Kevin Durant didn’t get traded, but we got the next best thing.
In somewhat of a shocking event, the Cleveland Cavaliers have acquired All-Star shooting guard Donovan Mitchell from the Utah Jazz. In exchange for their franchise player, Utah received Collin Sexton, Lauri Markkanen, Ochai Agbaji, three unprotected first-round picks, and two pick swaps. After months of the Knicks being the team primarily linked to Mitchell, the Cavs being the ones to get it done was not expected.
So what does this deal mean for both sides? I’ll be breaking down my immediate thoughts and handing out grades (which will be subject to change once these guys play for their new teams). Let’s get started!
After injuries halted Cleveland’s Cinderella run into the playoffs last season, they are now poised to get over the hump with the help of Donovan Mitchell. The star shooting guard has been a winning first option since his rookie campaign, leading the Jazz to the playoffs all five years of his career.
With Mitchell paired next to Darius Garland, the Cavs now boast perhaps the best backcourt in basketball. The offensive firepower is ridiculous. Both create for themselves and others at a high level with the ball in their hands. Both are solid catch-and-shoot threats as well, so they can play off each other.
While the O is looking scary, it’s the D that’s questionable. Both Garland and Mitchell are 6’1” and small backcourts have a history of falling apart due to defense. Personally, I’m a believer this one will work out with no problems. They both hold up better than other tiny tandems, specifically Mitchell who uses his length and athleticism to be a positive defender if engaged. That proved to be an if in the 2022 playoffs, but I think Mitchell will embrace the “junkyard dog” culture and lock in on D.
Even if those two are struggling, they are surrounded by the menacing rim protection of Jarrett Allen, the help-side swatting and switchability of Evan Mobley, and the perimeter lockdown of Isaac Okoro. The Cavs defensive unit as a whole is better than any Jazz lineup.
Overall, the Cavaliers are shaping up to be one of the better squads in the East. They will have to get past true contenders like the Bucks and the Celtics, but even if they can’t make it far in the short term they will be competitive for the next decade. Mitchell, Garland, Allen, and Mobley are all 25 or younger and they’re one of the best top fours in the league. Watch out for Cleveland in the 2022-23 season.

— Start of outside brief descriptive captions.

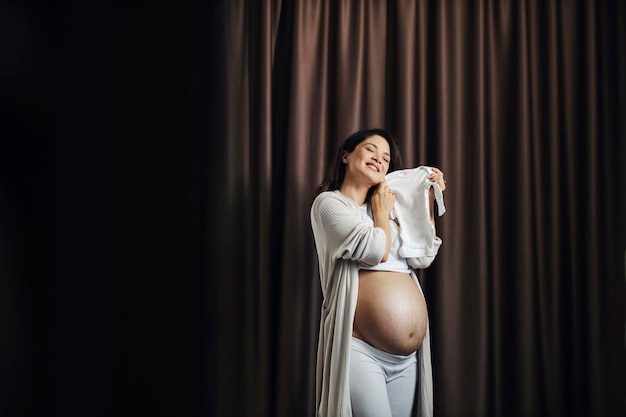 Uma mulher grávida feliz está de pé com a barriga nua com estrias e segurando o bebê onsie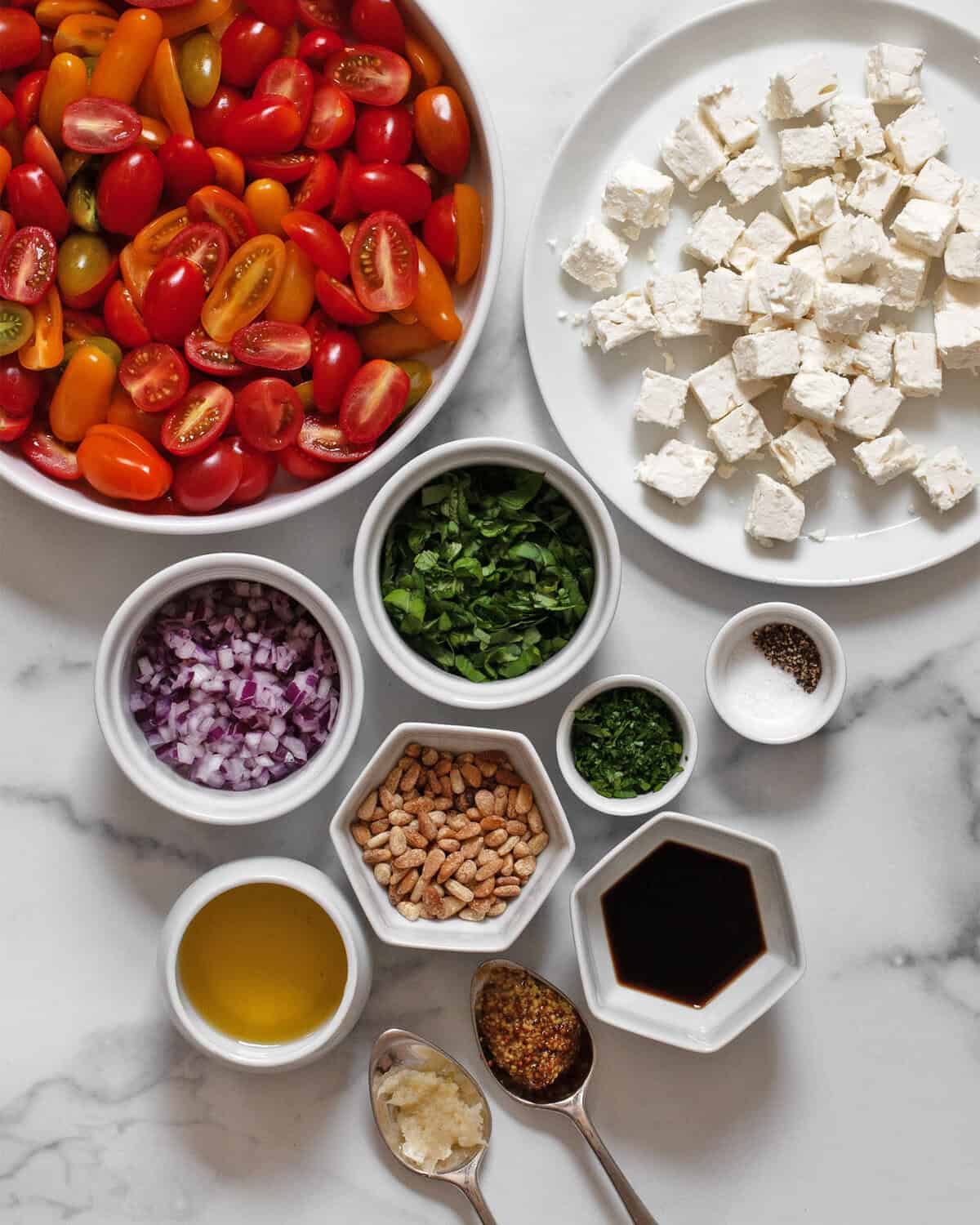 Ingredients including halved cherry tomatoes, feta, red onions, basil, parsley, balsamic vinegar, olive oil, garlic, mustard, salt and pepper.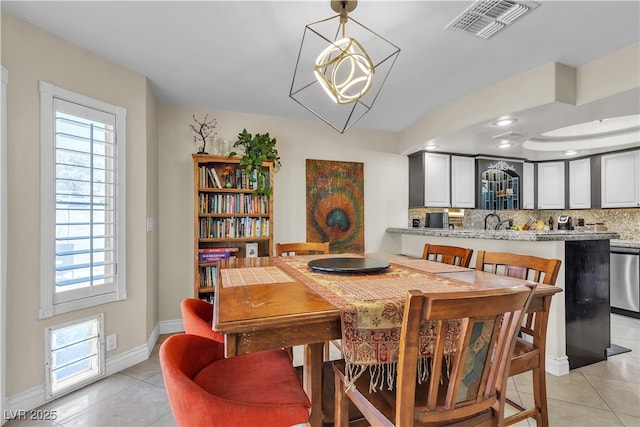 7197 Sixshooter Dr, Las Vegas, NV 89119 - dining area featuring light tile patterned floors, baseboards, and recessed lighting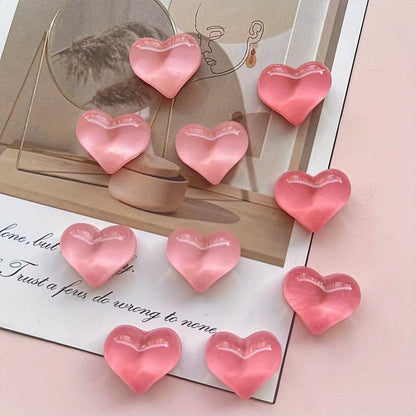 un lot de 4 magnets en acrylique en forme de coeur rose hyper mignon.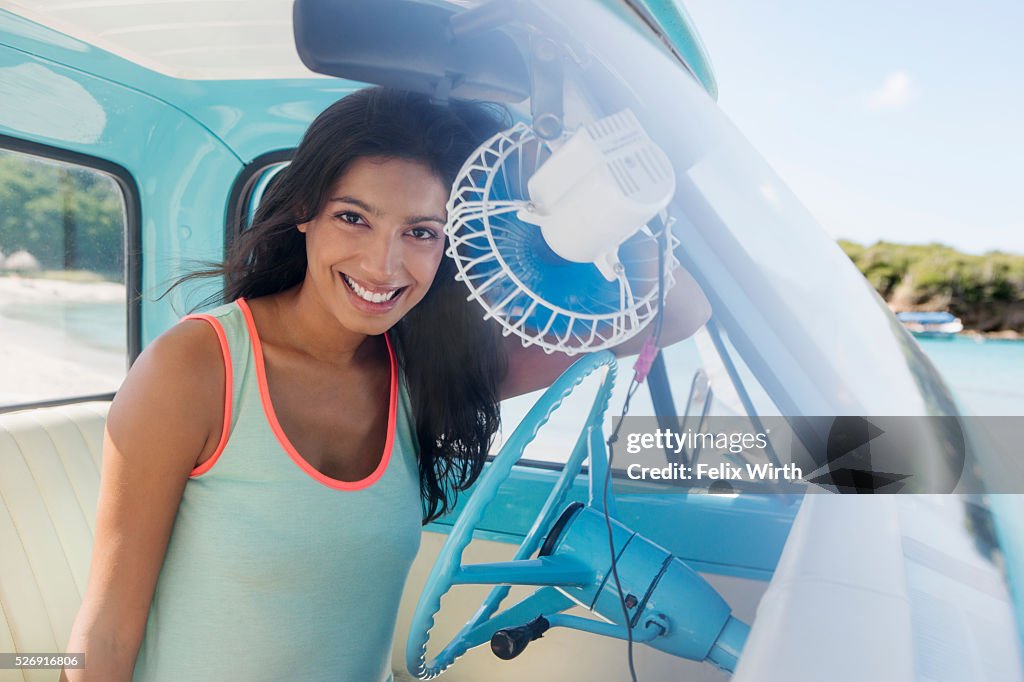 Woman sitting in car on beach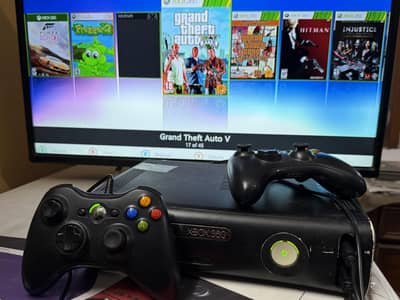 urgent xbox 360  with 2 controllers for sale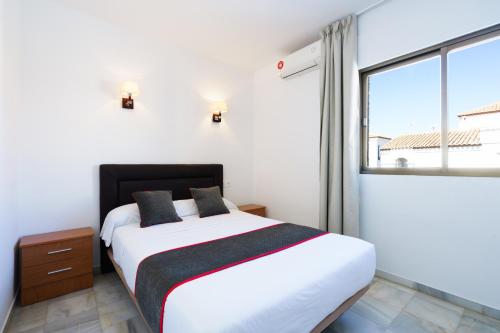 Imagen de la habitación del Hotel Oyo El Ancla. Foto 6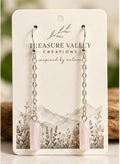 A pair of long dangle earrings with silver-toned chain links and pale pink cylindrical drops, displayed on a white backing card printed with the brand name Treasure Valley Creations.
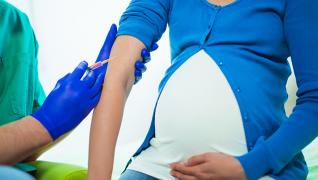 Pregnant person receiving a shot from a healthcare professional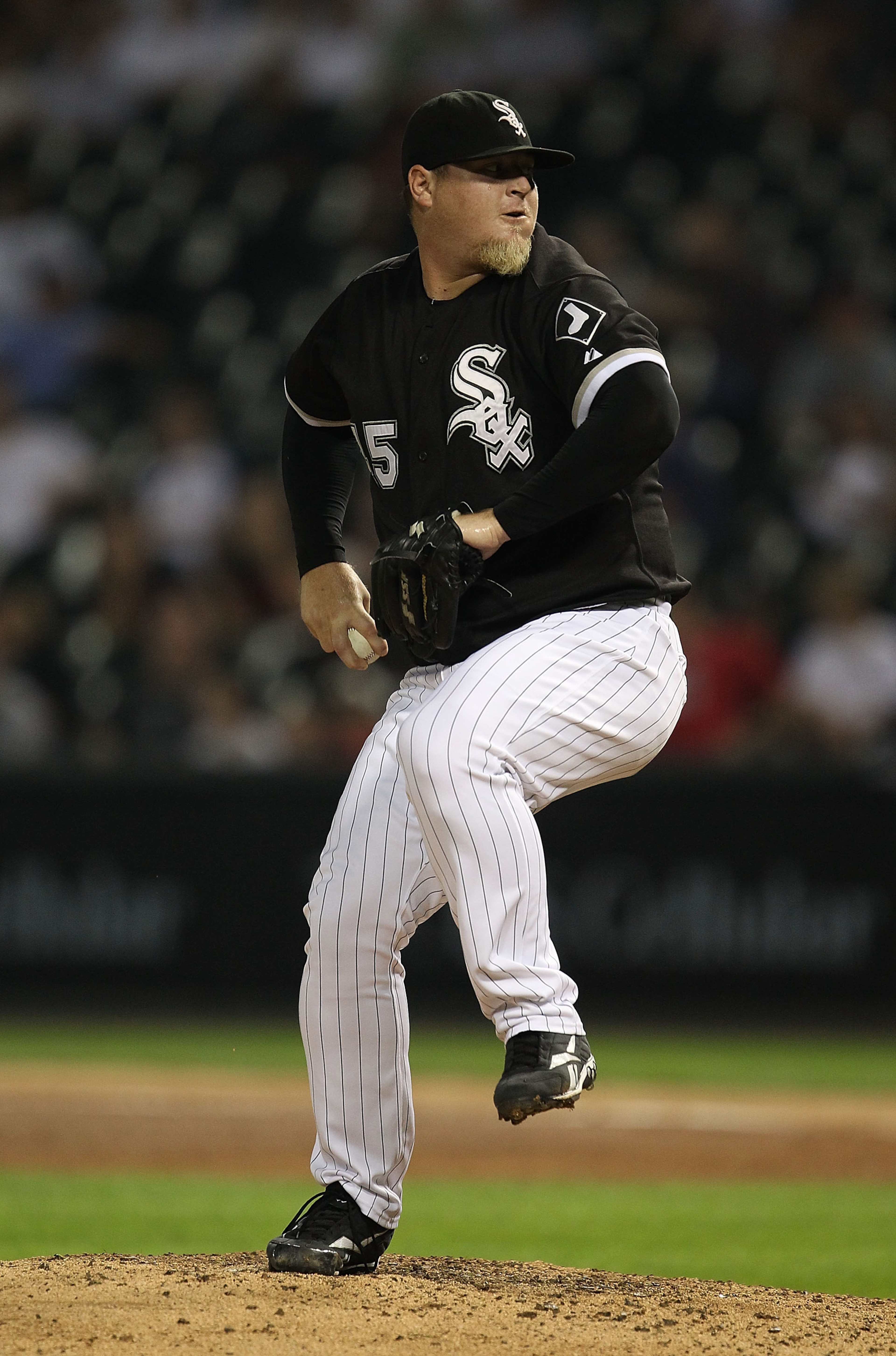 CHICAGO - AUGUST 10: Bobby Jenks #45 of the Chicago White Sox pitches against the Minnesota Twins at U.S. Cellular Field on August 10, 2010 in Chicago, Illinois. The Twins defeated the White Sox 12-6. (Photo by Jonathan Daniel/Getty Images)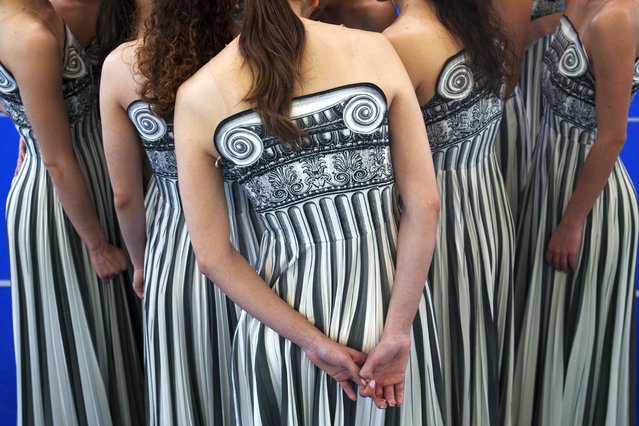 Performers dressed as priestesses attend a practice for the Paris Olympic flame-lighting ceremony, in Athens, Greece, March 30, 2024. The flame for this summer's Paris Olympics is lit at the birthplace of the ancient Olympic Games in southern Greece in a meticulously choreographed ceremony. (Photo by Petros Giannakouris/AP Photo)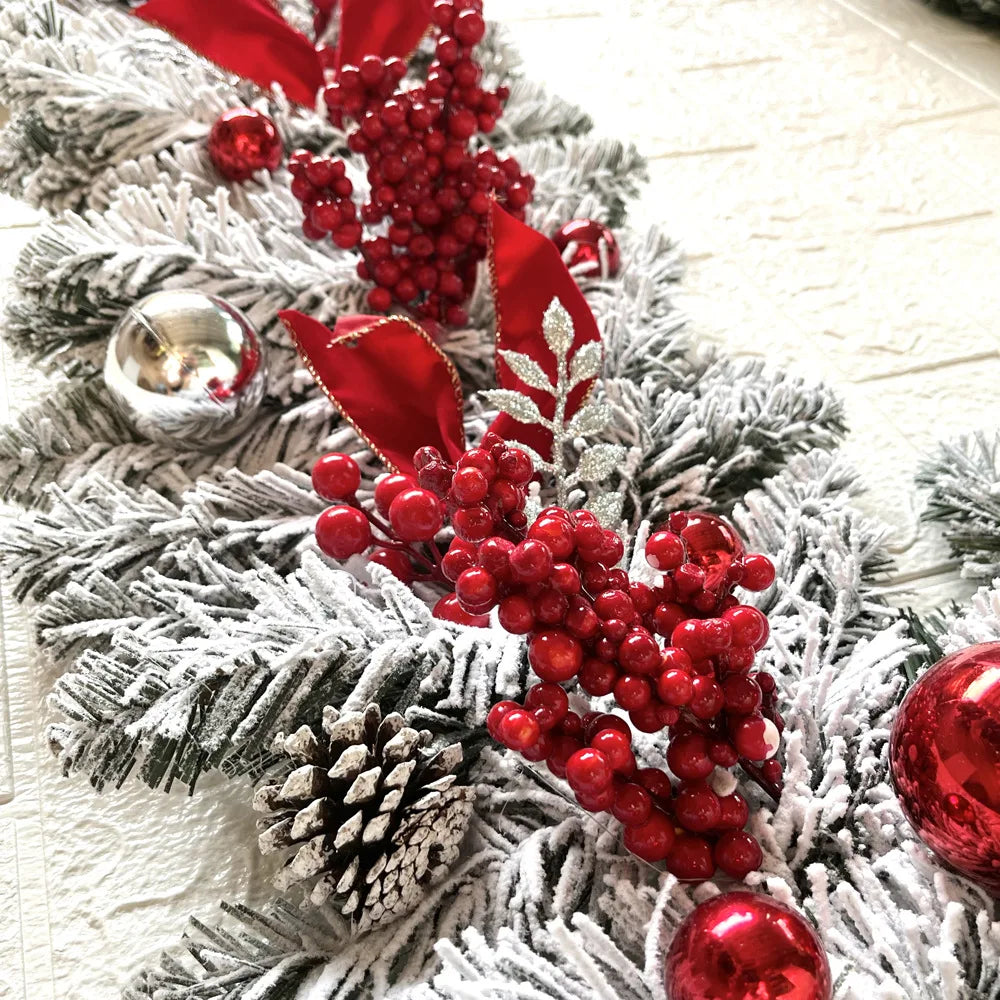 Nutshell front door Christmas garland decorations with red berries and festive accents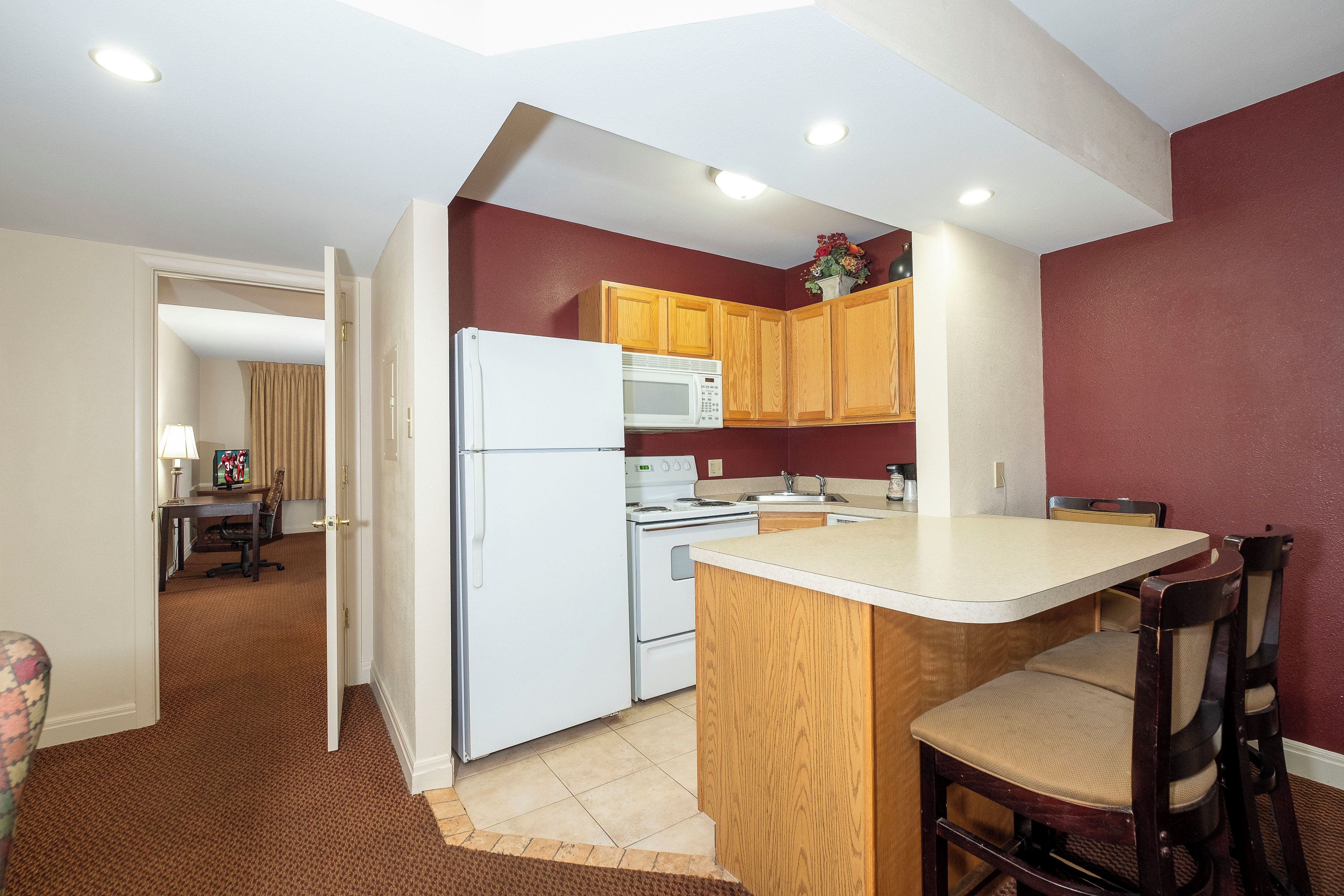 A compact kitchen with a refrigerator, microwave, and wooden cabinets.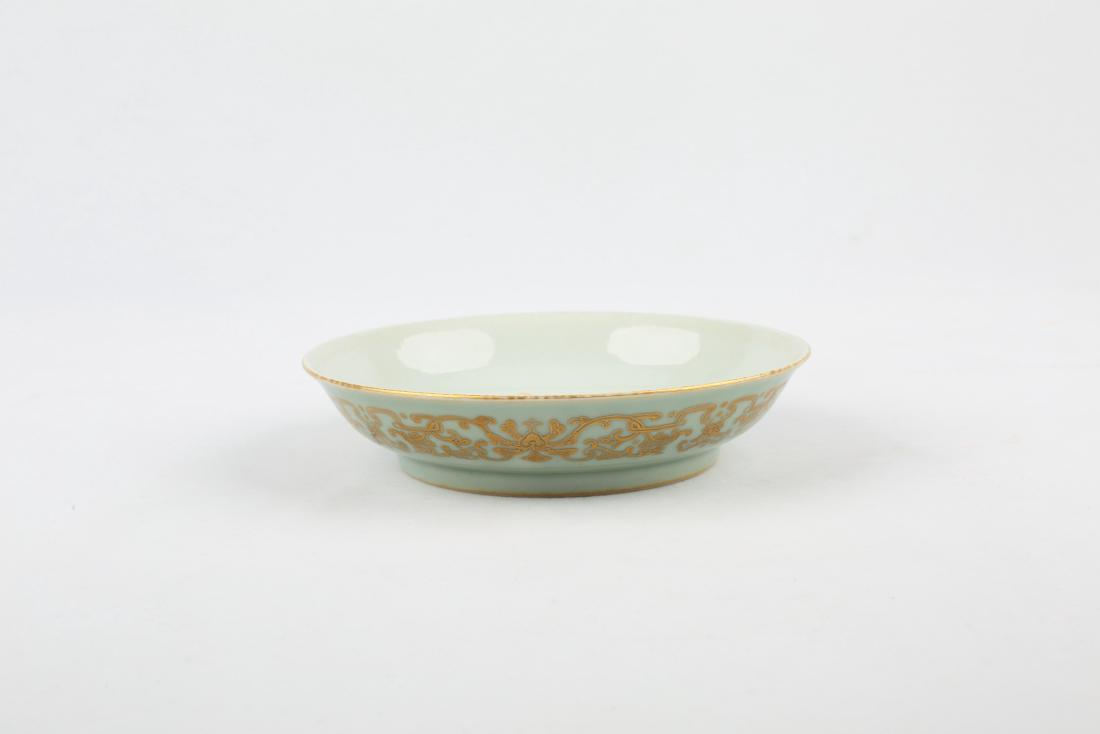 A CHINESE CELADON PORCELAIN PLATE (1 of 5)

With both of their superstars off the roster, the Jazz have cleaned slate and are starting from scratch. They amassed a grand total of eight unprotected first-round picks from both trades (along with two swaps). With more deals likely to come involving Mike Conley, Bojan Bogdanovic, and Jordan Clarkson, Utah is headed towards a full rebuild that will stick them in the lottery for several seasons to come. After failing in the postseason year after year, this is probably the right move.
Outside of that, I’m excited for number one option Collin Sexton. While I don’t think it’s his long-term role, he will have the opportunity to prove to everybody that he’s more than just a microwave sixth man. He’s a 20-point-per-game scorer and has knocked down nearly 38% of his tries from deep for his career, and guys like that don’t grow on trees.
Trades always have winners and the victor of this deal will be decided a while from now. As of today, with Cleveland putting themselves up there with the best teams in the East and Utah pulling the trigger on a necessary overhaul, it’s a win-win.
One thought on “Thoughts on the Donovan Mitchell Trade (9/1/22)”
Cleveland is probably counting on their rim protection and length at other positions on the floor to make up for the small backcourt—because it is small (and was before with Garland and Sexton).